### Entries provided
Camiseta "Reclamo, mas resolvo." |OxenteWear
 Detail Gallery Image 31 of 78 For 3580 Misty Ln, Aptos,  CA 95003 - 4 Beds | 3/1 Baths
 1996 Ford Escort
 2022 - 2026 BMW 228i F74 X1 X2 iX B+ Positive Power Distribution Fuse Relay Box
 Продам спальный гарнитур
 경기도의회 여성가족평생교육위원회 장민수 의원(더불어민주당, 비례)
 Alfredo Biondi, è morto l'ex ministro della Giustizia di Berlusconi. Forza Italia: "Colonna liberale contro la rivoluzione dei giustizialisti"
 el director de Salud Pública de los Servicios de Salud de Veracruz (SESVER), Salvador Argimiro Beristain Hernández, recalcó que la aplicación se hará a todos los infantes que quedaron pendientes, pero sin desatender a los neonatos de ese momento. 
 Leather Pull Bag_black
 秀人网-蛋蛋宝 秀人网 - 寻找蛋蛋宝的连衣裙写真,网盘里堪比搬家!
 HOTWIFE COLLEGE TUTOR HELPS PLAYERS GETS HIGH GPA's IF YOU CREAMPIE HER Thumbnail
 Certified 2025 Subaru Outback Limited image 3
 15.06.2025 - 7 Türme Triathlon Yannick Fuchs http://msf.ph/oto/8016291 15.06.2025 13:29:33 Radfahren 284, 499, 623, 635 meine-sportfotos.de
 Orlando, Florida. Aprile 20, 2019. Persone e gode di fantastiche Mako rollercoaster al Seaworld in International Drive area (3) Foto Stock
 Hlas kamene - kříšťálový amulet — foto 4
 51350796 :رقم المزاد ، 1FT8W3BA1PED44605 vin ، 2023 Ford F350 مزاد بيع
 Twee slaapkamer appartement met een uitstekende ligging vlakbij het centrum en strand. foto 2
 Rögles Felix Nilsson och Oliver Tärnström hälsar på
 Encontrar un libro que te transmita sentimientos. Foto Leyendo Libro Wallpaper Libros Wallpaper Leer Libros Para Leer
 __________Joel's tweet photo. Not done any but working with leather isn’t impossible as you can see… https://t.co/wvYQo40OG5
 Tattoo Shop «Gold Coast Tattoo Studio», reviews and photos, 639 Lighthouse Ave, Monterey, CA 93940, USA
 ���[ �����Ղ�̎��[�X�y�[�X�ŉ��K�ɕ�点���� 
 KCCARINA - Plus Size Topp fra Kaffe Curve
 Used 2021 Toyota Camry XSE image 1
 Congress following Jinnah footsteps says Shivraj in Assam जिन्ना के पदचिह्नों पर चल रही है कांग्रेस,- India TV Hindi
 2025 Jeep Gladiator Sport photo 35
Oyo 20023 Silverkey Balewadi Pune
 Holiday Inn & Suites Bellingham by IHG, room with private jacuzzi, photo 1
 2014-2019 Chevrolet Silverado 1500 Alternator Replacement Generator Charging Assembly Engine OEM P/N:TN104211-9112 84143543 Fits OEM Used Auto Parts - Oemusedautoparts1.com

### Exercise objective
Would you give the data above again, exactly as written?

### Solved exercise
Camiseta "Reclamo, mas resolvo." |OxenteWear
 Detail Gallery Image 31 of 78 For 3580 Misty Ln, Aptos,  CA 95003 - 4 Beds | 3/1 Baths
 1996 Ford Escort
 2022 - 2026 BMW 228i F74 X1 X2 iX B+ Positive Power Distribution Fuse Relay Box
 Продам спальный гарнитур
 경기도의회 여성가족평생교육위원회 장민수 의원(더불어민주당, 비례)
 Alfredo Biondi, è morto l'ex ministro della Giustizia di Berlusconi. Forza Italia: "Colonna liberale contro la rivoluzione dei giustizialisti"
 el director de Salud Pública de los Servicios de Salud de Veracruz (SESVER), Salvador Argimiro Beristain Hernández, recalcó que la aplicación se hará a todos los infantes que quedaron pendientes, pero sin desatender a los neonatos de ese momento. 
 Leather Pull Bag_black
 秀人网-蛋蛋宝 秀人网 - 寻找蛋蛋宝的连衣裙写真,网盘里堪比搬家!
 HOTWIFE COLLEGE TUTOR HELPS PLAYERS GETS HIGH GPA's IF YOU CREAMPIE HER Thumbnail
 Certified 2025 Subaru Outback Limited image 3
 15.06.2025 - 7 Türme Triathlon Yannick Fuchs http://msf.ph/oto/8016291 15.06.2025 13:29:33 Radfahren 284, 499, 623, 635 meine-sportfotos.de
 Orlando, Florida. Aprile 20, 2019. Persone e gode di fantastiche Mako rollercoaster al Seaworld in International Drive area (3) Foto Stock
 Hlas kamene - kříšťálový amulet — foto 4
 51350796 :رقم المزاد ، 1FT8W3BA1PED44605 vin ، 2023 Ford F350 مزاد بيع
 Twee slaapkamer appartement met een uitstekende ligging vlakbij het centrum en strand. foto 2
 Rögles Felix Nilsson och Oliver Tärnström hälsar på
 Encontrar un libro que te transmita sentimientos. Foto Leyendo Libro Wallpaper Libros Wallpaper Leer Libros Para Leer
 __________Joel's tweet photo. Not done any but working with leather isn’t impossible as you can see… https://t.co/wvYQo40OG5
 Tattoo Shop «Gold Coast Tattoo Studio», reviews and photos, 639 Lighthouse Ave, Monterey, CA 93940, USA
 ���[ �����Ղ�̎��[�X�y�[�X�ŉ��K�ɕ�点���� 
 KCCARINA - Plus Size Topp fra Kaffe Curve
 Used 2021 Toyota Camry XSE image 1
 Congress following Jinnah footsteps says Shivraj in Assam जिन्ना के पदचिह्नों पर चल रही है कांग्रेस,- India TV Hindi
 2025 Jeep Gladiator Sport photo 35
Oyo 20023 Silverkey Balewadi Pune
 Holiday Inn & Suites Bellingham by IHG, room with private jacuzzi, photo 1
 2014-2019 Chevrolet Silverado 1500 Alternator Replacement Generator Charging Assembly Engine OEM P/N:TN104211-9112 84143543 Fits OEM Used Auto Parts - Oemusedautoparts1.com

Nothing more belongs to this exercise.